*Task to complete*
Line by line, repeat the material below exactly and skip the images.

*Data to use*
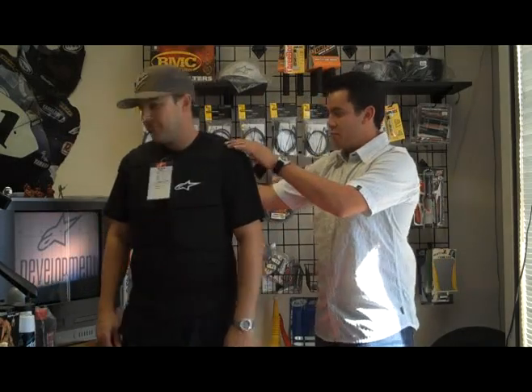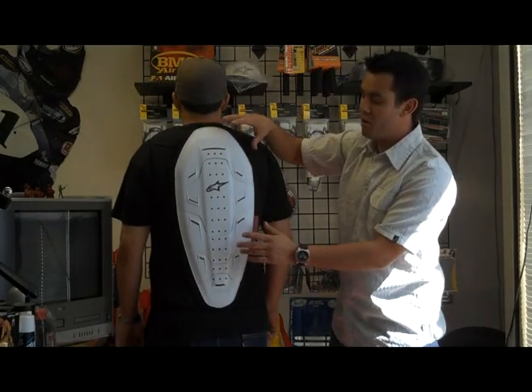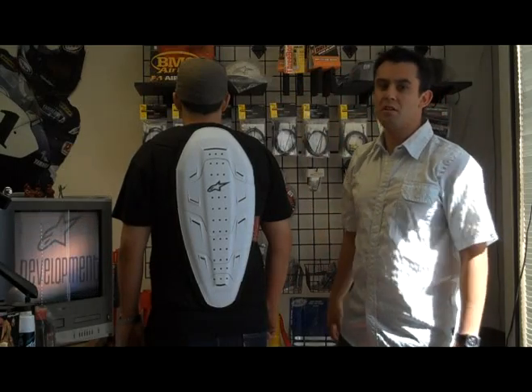Throughout the rib cage area, over the shoulders, and we have the Level 2 CE certified back protector — one of the strongest back protectors available in the market — which is removable and is a great piece to wear under a one piece or a two piece suit.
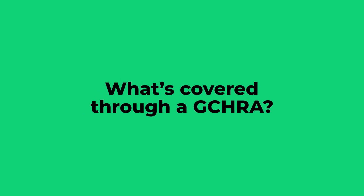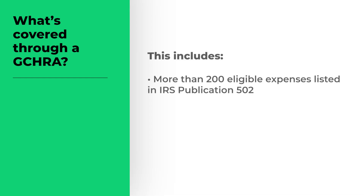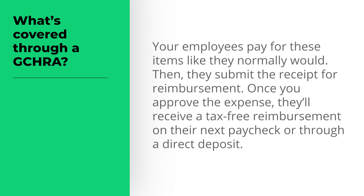While a group health insurance plan covers portions of your employees' doctor's visits, prescriptions, and other health costs, a GCHRA allowance can cover many things that an insurance policy doesn't. This includes more than 200 eligible expenses listed in IRS Publication 502, copays, and pre-deductible costs. Your employees pay for these items like they normally would, then submit the receipt for reimbursement. Once you approve the expense, they'll receive a tax-free reimbursement on their next paycheck or through a direct deposit.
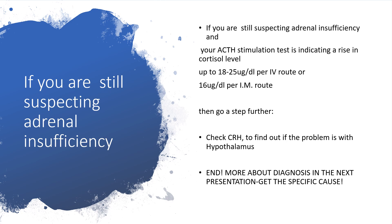I've come to the end of the ACTH stimulation test. But that is not the end of diagnostic procedures in the face of adrenal insufficiency. There will be more about diagnosis in the next presentation, and at that level we'll be able to get to the specific cause or causes. Thanks for listening to my presentation. Please kindly remember to subscribe and share this presentation — I appreciate it.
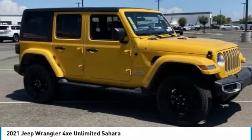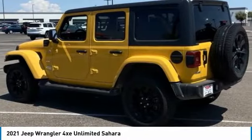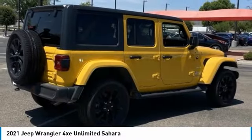This vehicle is available today — it could be the one you've been searching for. Contact the dealer today and get behind the wheel. This vehicle has less than 100 miles.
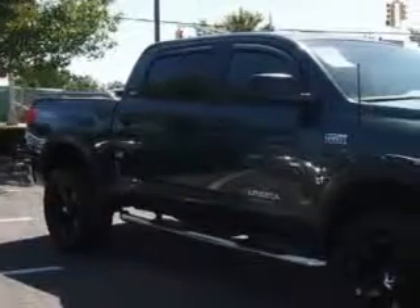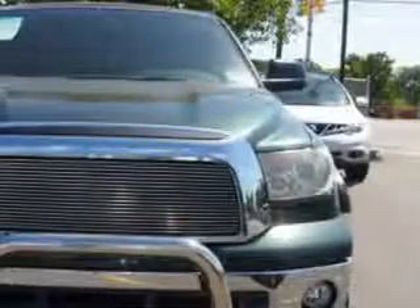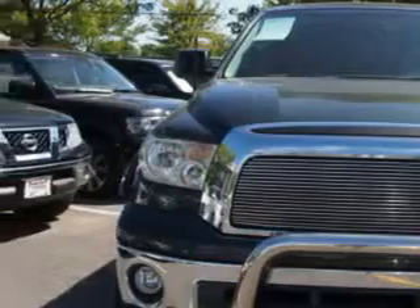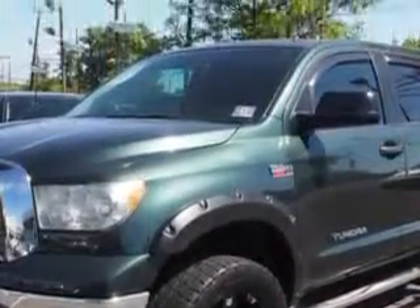Parkway Toyota knows you want more in a car — you expect the best from your vehicle. Check out this Pyrite Mica 2008 Toyota Tundra CrewMax, equipped with an eight-cylinder engine and an automatic transmission, with seventy-four thousand one hundred forty-four miles.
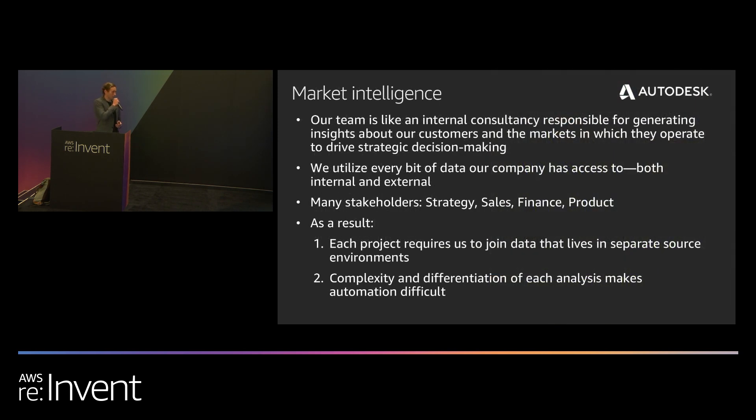And that's where my team comes in. On the market intelligence team, we act like an internal consultancy to provide unbiased data insights into our customers and the markets in which they operate, used to inform strategic decision-making. We utilize every bit of data our company has access to, whether internal customer transactional data or external market research reports. We're a cross-functional team serving many stakeholders — strategy, sales, finance, and product.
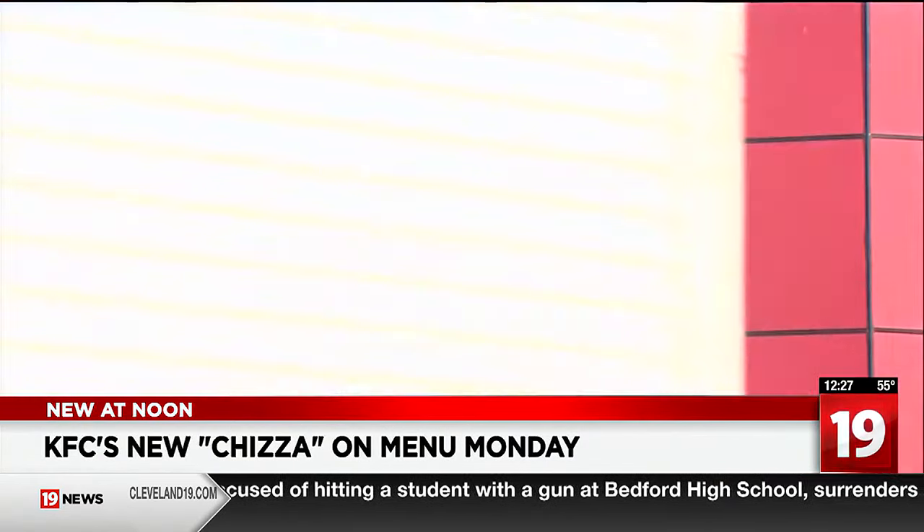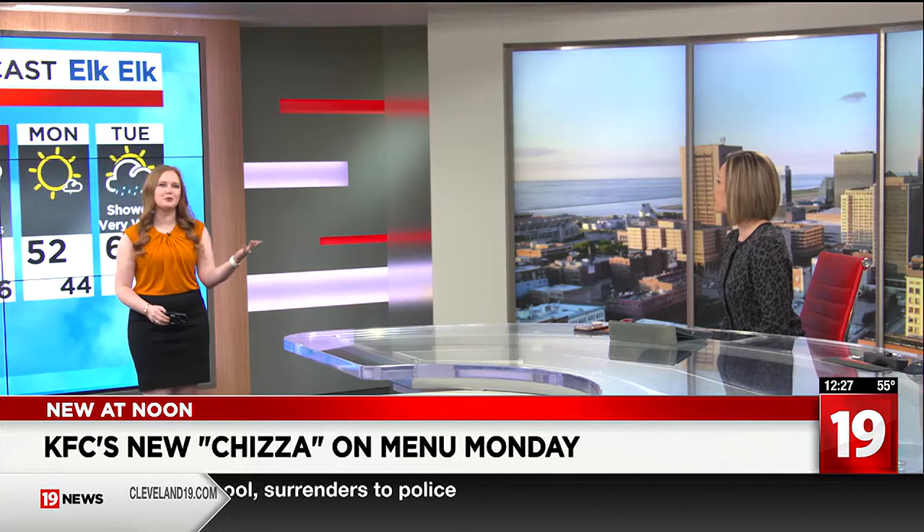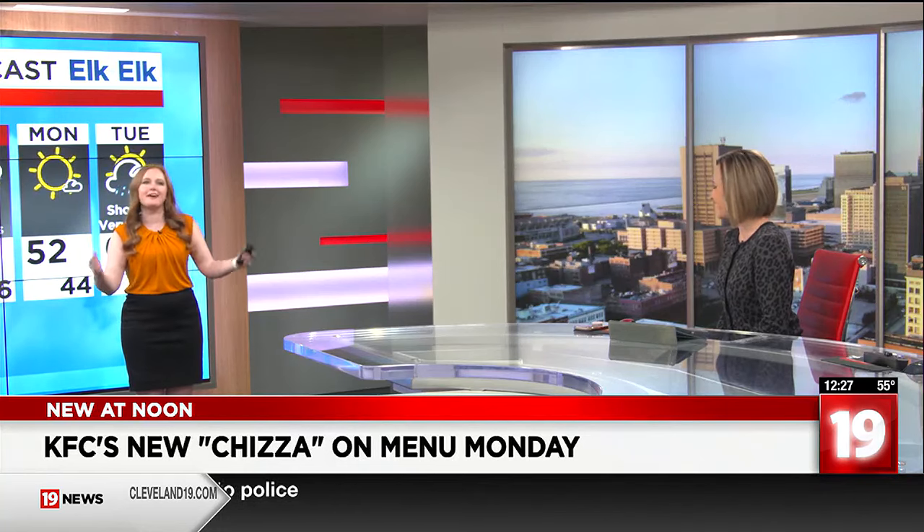Looks like a chicken parmesan that you can just eat without a fork, right? I guess that's kind of more convenient. I don't know that we have any more fast food types of chicken parm. So there you go.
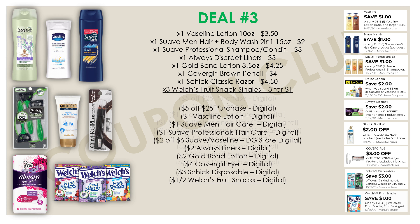Finally, pick up three packs of Welch's fruit snacks — priced three for a dollar — so all three cost one dollar. We have a dollar-off-two digital coupon making all three completely free. Those are all the items for the third breakdown. The subtotal is $25.25, with $21 in digital coupons, making your final cost just $4.25, or 53 cents each.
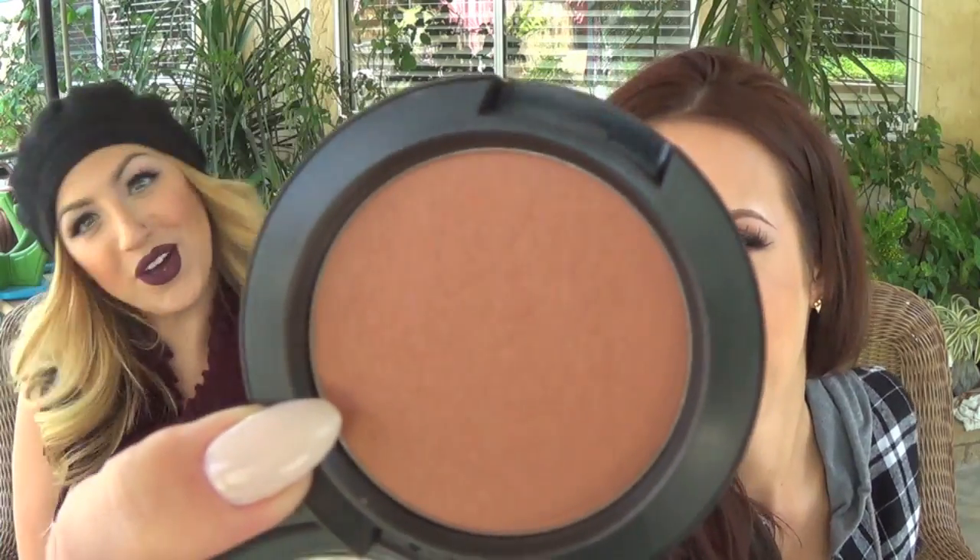Next thing is a blush — this is Sunbasque from MAC. It's a really pretty bronzy blush. I usually don't like blushes with shimmer, but this is the only one I've found myself to actually like. It goes with every kind of makeup look you want to do.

*Output of the exercise*
Throughout the rib cage area, over the shoulders, and we have the Level 2 CE certified back protector — one of the strongest back protectors available in the market — which is removable and is a great piece to wear under a one piece or a two piece suit.
While a group health insurance plan covers portions of your employees' doctor's visits, prescriptions, and other health costs, a GCHRA allowance can cover many things that an insurance policy doesn't. This includes more than 200 eligible expenses listed in IRS Publication 502, copays, and pre-deductible costs. Your employees pay for these items like they normally would, then submit the receipt for reimbursement. Once you approve the expense, they'll receive a tax-free reimbursement on their next paycheck or through a direct deposit.
I've come to the end of the ACTH stimulation test. But that is not the end of diagnostic procedures in the face of adrenal insufficiency. There will be more about diagnosis in the next presentation, and at that level we'll be able to get to the specific cause or causes. Thanks for listening to my presentation. Please kindly remember to subscribe and share this presentation — I appreciate it.
This vehicle is available today — it could be the one you've been searching for. Contact the dealer today and get behind the wheel. This vehicle has less than 100 miles.
Parkway Toyota knows you want more in a car — you expect the best from your vehicle. Check out this Pyrite Mica 2008 Toyota Tundra CrewMax, equipped with an eight-cylinder engine and an automatic transmission, with seventy-four thousand one hundred forty-four miles.
And that's where my team comes in. On the market intelligence team, we act like an internal consultancy to provide unbiased data insights into our customers and the markets in which they operate, used to inform strategic decision-making. We utilize every bit of data our company has access to, whether internal customer transactional data or external market research reports. We're a cross-functional team serving many stakeholders — strategy, sales, finance, and product.
Looks like a chicken parmesan that you can just eat without a fork, right? I guess that's kind of more convenient. I don't know that we have any more fast food types of chicken parm. So there you go.
Finally, pick up three packs of Welch's fruit snacks — priced three for a dollar — so all three cost one dollar. We have a dollar-off-two digital coupon making all three completely free. Those are all the items for the third breakdown. The subtotal is $25.25, with $21 in digital coupons, making your final cost just $4.25, or 53 cents each.
Next thing is a blush — this is Sunbasque from MAC. It's a really pretty bronzy blush. I usually don't like blushes with shimmer, but this is the only one I've found myself to actually like. It goes with every kind of makeup look you want to do.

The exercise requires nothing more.